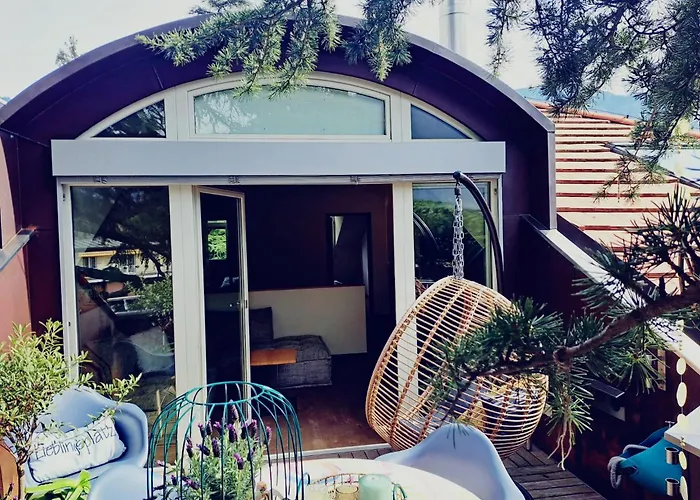 Mansarde Zeder In Privatvilla Im Zentrum Merans Merano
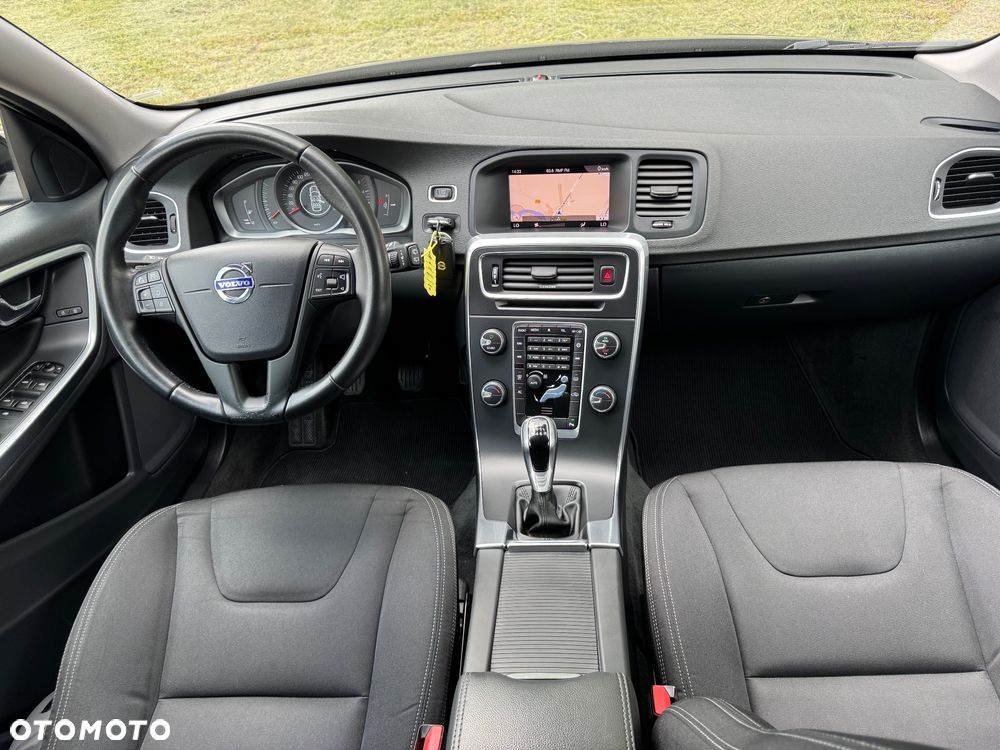 Volvo V60 D2 Kinetic - 5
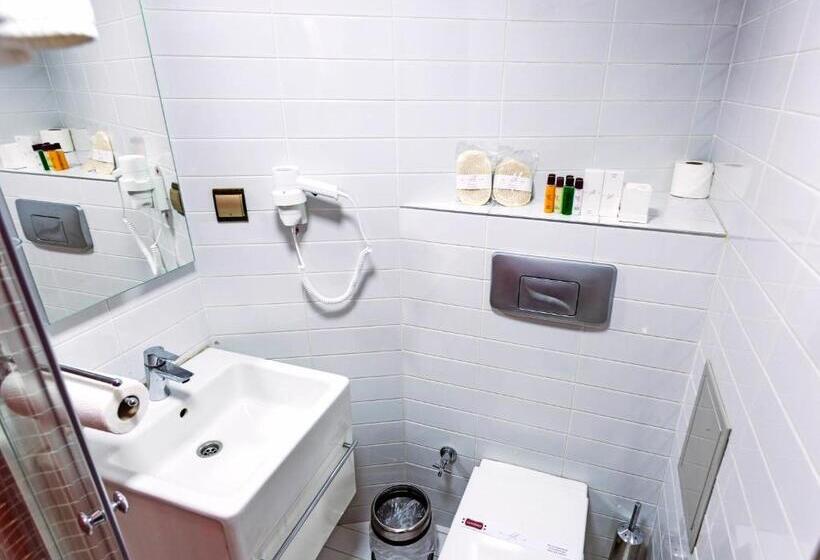 اتاق استاندارد, Idylle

TASK INSTRUCTIONS
Please return the full listing exactly as given, with the images left out.

ANSWER
 Mansarde Zeder In Privatvilla Im Zentrum Merans Merano
 Volvo V60 D2 Kinetic - 5
 اتاق استاندارد, Idylle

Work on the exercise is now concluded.